2. New “insurance exchanges” where people would shop for a policy from multiple carriers.
GOTT’S CONCERNS: “This might be a good idea but could turn bad if the government itself designs and runs it. As an analogy, imagine — before the days of YouTube — Washington creating a video-sharing service. How good would it be with bureaucratic coders and no competition to assure constant improvement?” Gott might approve, however, of a plan that offers guidelines and incentives for entrepreneurs to create insurance-selection exchanges.
“There are many complexities that government employees aren’t likely to take into account,” she says. “Selecting the right long-term care policy is much more important and complex than buying a car. And who would buy their car just by going to a website? Also, a government exchange would probably send people directly to insurance carriers, as the online prescription-drug system did. This would be like sending people to auto manufacturers for their cars, when auto agencies, with their hand-holding and value-added services, are the right destination.” In Gott’s view, a proper exchange for long-term care insurance would send people to independent agents who know which carriers are soundest, and can advise on the right policy features at the lowest cost.
“With the online system for choosing a prescription-drug plan, people went crazy with all the complexity,” Gott says. “They’d really tear their hair out with a long-term care choice system. An informed, unbiased advisor is absolutely essential.”

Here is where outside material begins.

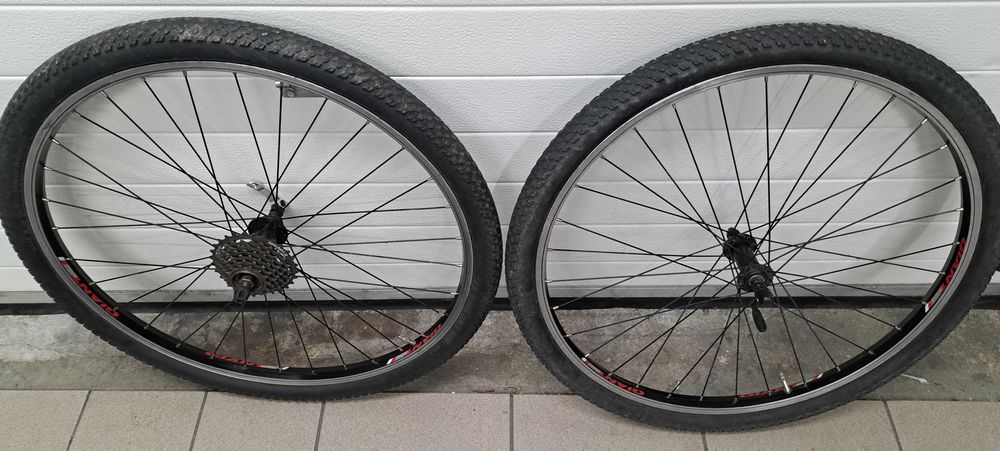 Komplet Koła Giant 26"  czarne v-brake MTB Kross tył + przód + opony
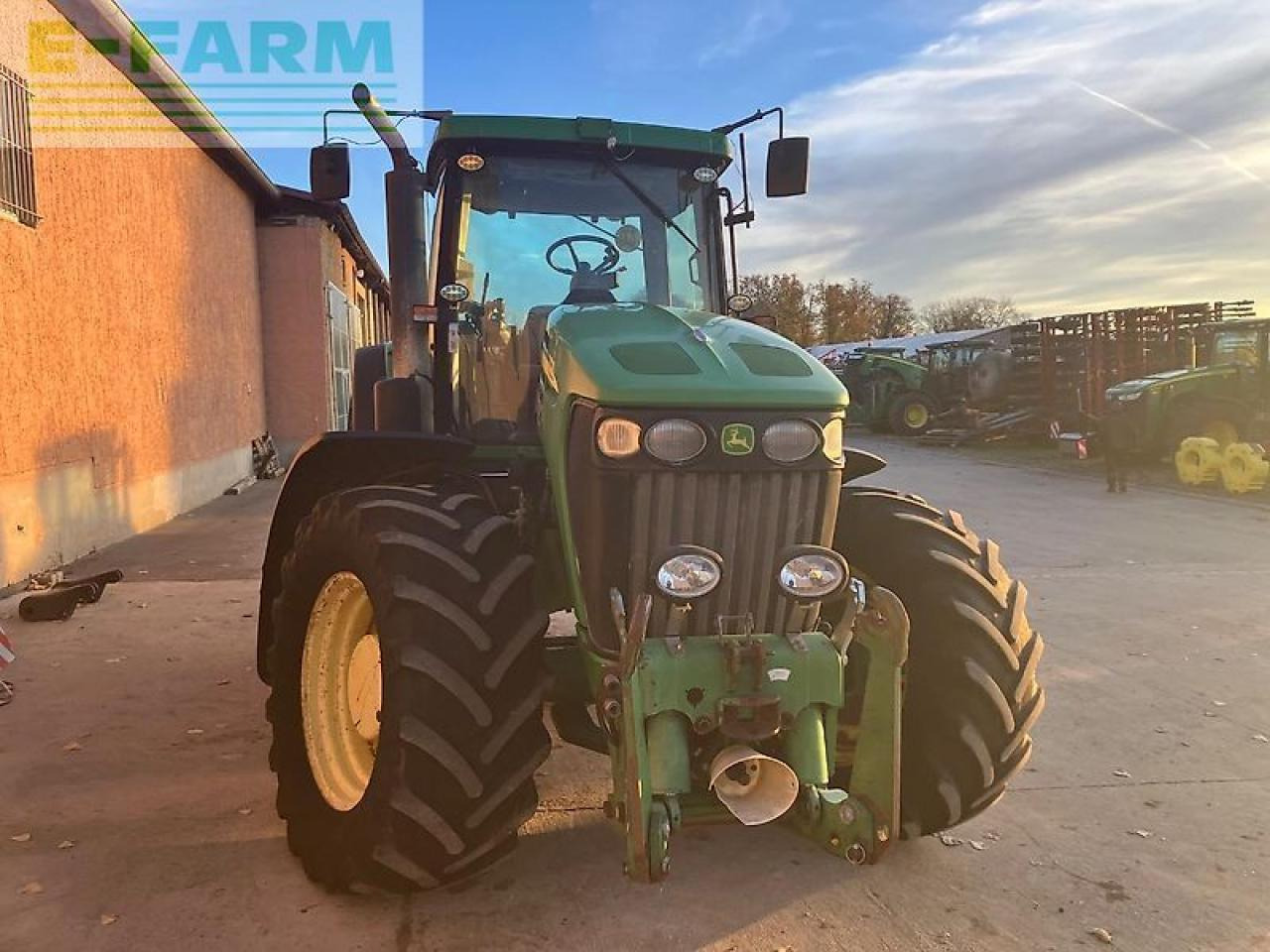 John Deere 7720 - Traktör: fotoğraf 2 John Deere 7720 - Traktör: fotoğraf 2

When rectified with another plan being crafted by the Senate Finance Committee, Kennedy’s plan could gain momentum. But will it find enough bipartisan support to pass? “With the right adjustments, I think so,” says Gott. “With the tweaks I suggest, I believe it would be much more acceptable to Republicans and conservative Democrats.”
On the central point she agrees 100 percent with Senator Kennedy: “We desperately need reform, for long-term care as well as acute health care. About 46 million Americans lack regular health insurance, but many times that number lack long-term care insurance. Only about 9 million have it out of a population of more than 300 million; and among those at greatest risk, 45 and older, more than 90 percent go uncovered.”
Gott encourages concerned citizens to make their views known to their representatives in Congress. Legislators’ phone numbers and fill-in forms may be found at — http://www.usa.gov/Contact/Elected.shtml. “Women in particular should speak up,” Gott says. “They’re at risk even when they themselves stay well and fit. Typically they’re the ones forced into unpaid care giving when a family member suddenly develops a care need.”